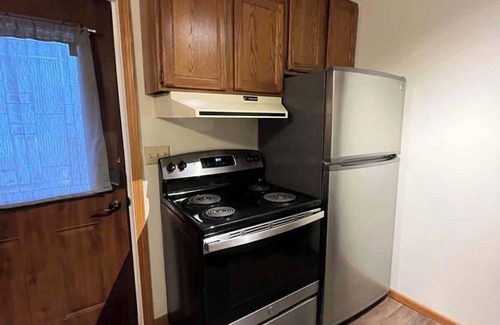 Tomah Apartamento | 201 E Veterans St Apt J by Patriot Properties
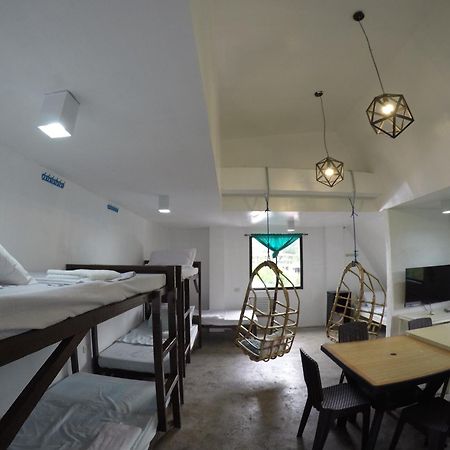 Full Moon Hostel Coron Exterior foto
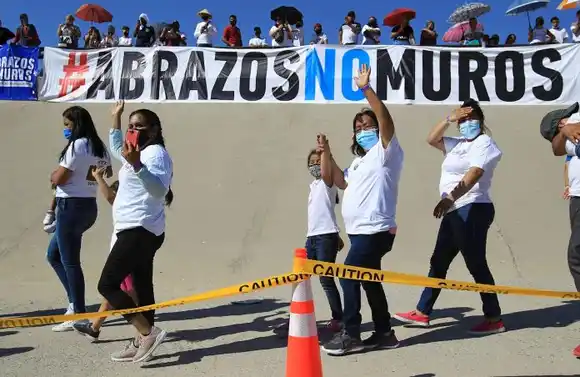 EMOTIVO: familias migrantes se abrazan en frontera con EE.UU. años sin verse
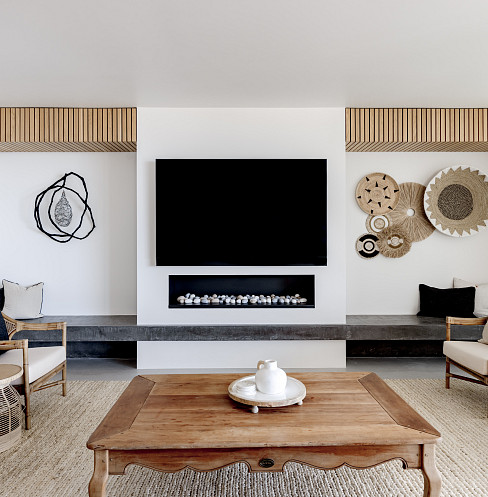 Salón con televisión integrada, chimenea lineal y altavoces empotrados
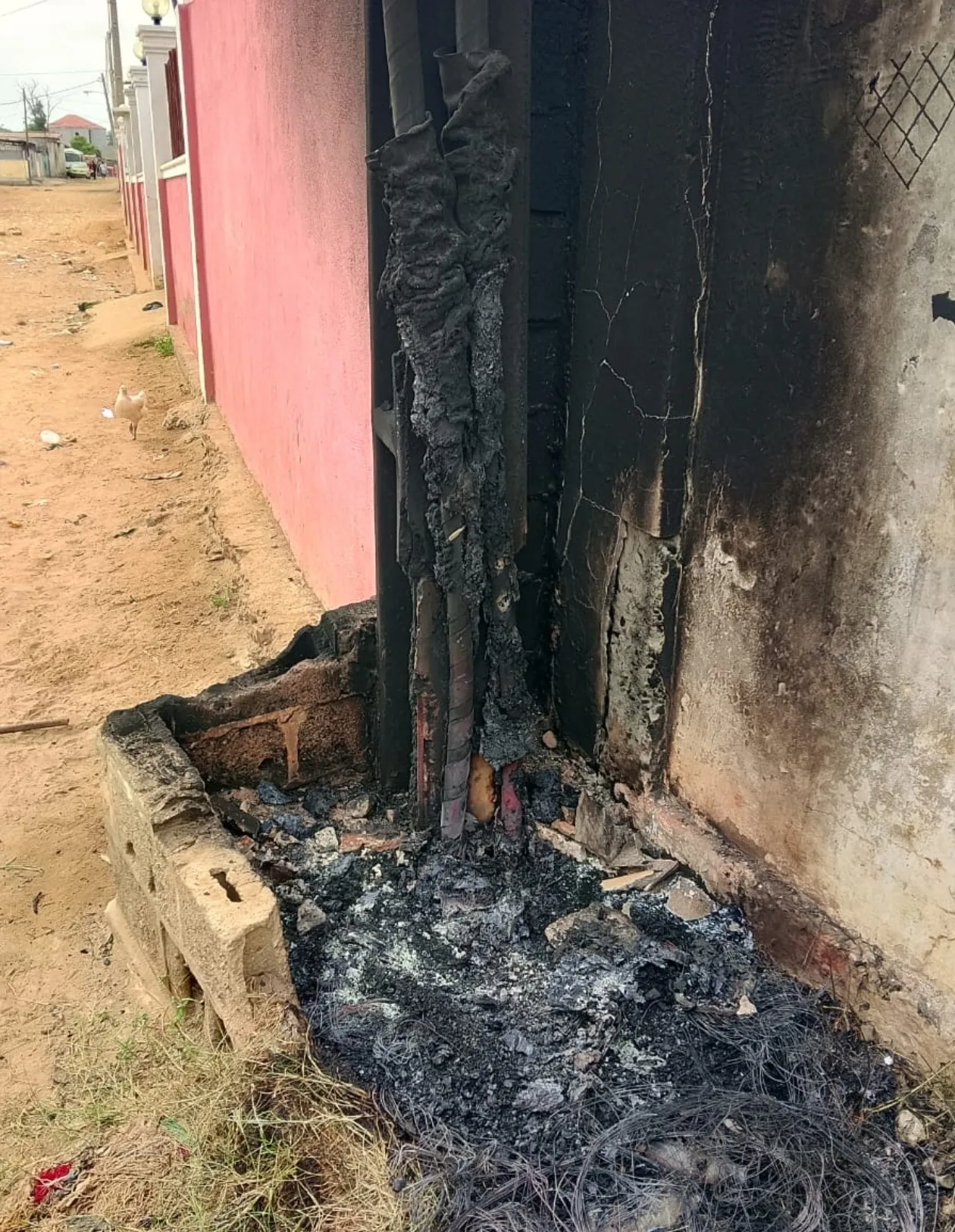 População do Golfe enfrenta corte de energia após vandalização de infra-estrutura da ENDE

YOUR TASK: Omit every picture, then write out the entries above exactly.

OUTPUT FOR THIS EXERCISE:
 Tomah Apartamento | 201 E Veterans St Apt J by Patriot Properties
 Full Moon Hostel Coron Exterior foto
 EMOTIVO: familias migrantes se abrazan en frontera con EE.UU. años sin verse
 Salón con televisión integrada, chimenea lineal y altavoces empotrados
 População do Golfe enfrenta corte de energia após vandalização de infra-estrutura da ENDE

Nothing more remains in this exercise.